Différences à Bruxelles

Ces assouplissement ne valent pas pour Bruxelles. En effet, les mesures actuelles restent en place. Les établissements horeca devront ainsi maintenir un nombre limité de personnes par tablée, (8, enfants jusqu'à 12 ans accomplis non compris). L'heure de fermeture obligatoire est bloquée à 1h00 du matin et une distance d'1,5 mètre doit être conservée entre les tables. "La situation actuelle ne permet pas de poursuivre les assouplissements.

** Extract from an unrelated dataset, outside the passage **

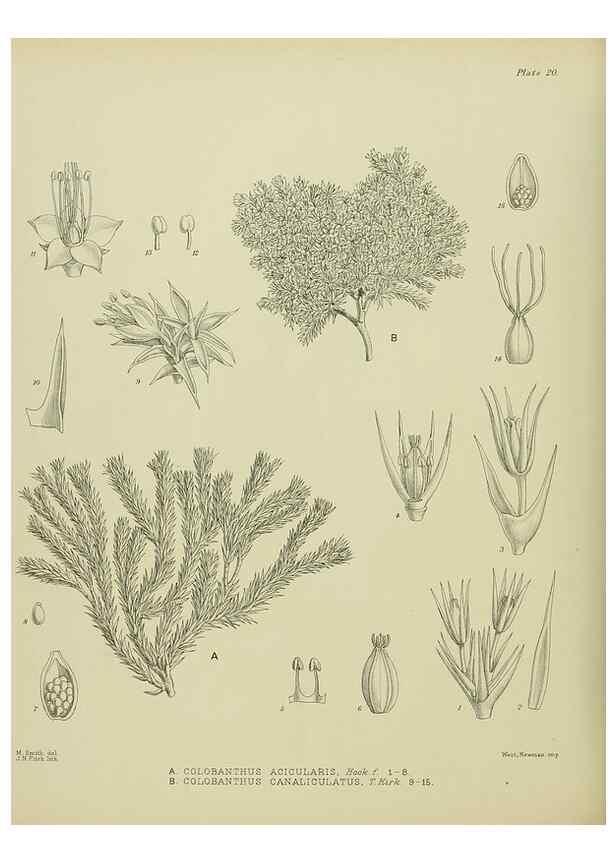 Reproducción/Reproduction 23864110941: Illustrations of the New Zealand flora /. Wellington :John Mackay, Govt. Printer,1914.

On ne renforce pas les règles mais on ne les assouplit pas" a expliqué Rudi Vervoort, ministre-président bruxellois ce vendredi.

La Comité de concertation envisage également de donner la possibilité aux entités fédérées dont les communes restent sous la barre des 70% de personnes vaccinées d'utiliser le Covid Safe Ticket d'une manière plus large que pour les événements.

Réactions mitigées

Une différence de mesures qui inquiète le Syndicat neutre pour indépendants (SNI): "Nous ne pouvons courir le risque d'une discrimination de fait pour les acteurs économiques bruxellois en raison d'un retard dans la vaccination", estime le syndicat. "Beaucoup d'indépendants bruxellois, notamment dans l'hypercentre ou les quartiers européens ou dans ceux de bureau, sont déjà très fortement touchés par les conséquences de la crise. Il est inconcevable que les acteurs économiques bruxellois soient en plus discriminés de fait par rapport à leurs collègues flamands et wallons."

La fédération bruxelloise de l'horeca craint que l'image de la capitale ne se détériore aux yeux des touristes étrangers. "L'hypercentre de Bruxelles est en train de crever. Nous manquons de séminaires, de salons... Les cafés sont vides", résume Fabian Hermans, administrateur d'Horeca Bruxelles. La fédération bruxelloise de l'horeca ne doute pas que, pour les traiteurs et événements également, les clients aillent trouver leur bonheur en Flandre ou en Wallonie.

Au sud du pays justement, la satisfaction était de mise après le Comité de concertation de vendredi. "Le gouvernement a tenu ses engagements et le contexte de vaccination est favorable", a commenté Pierre Poriau, secrétaire général de la fédération Horeca Wallonie.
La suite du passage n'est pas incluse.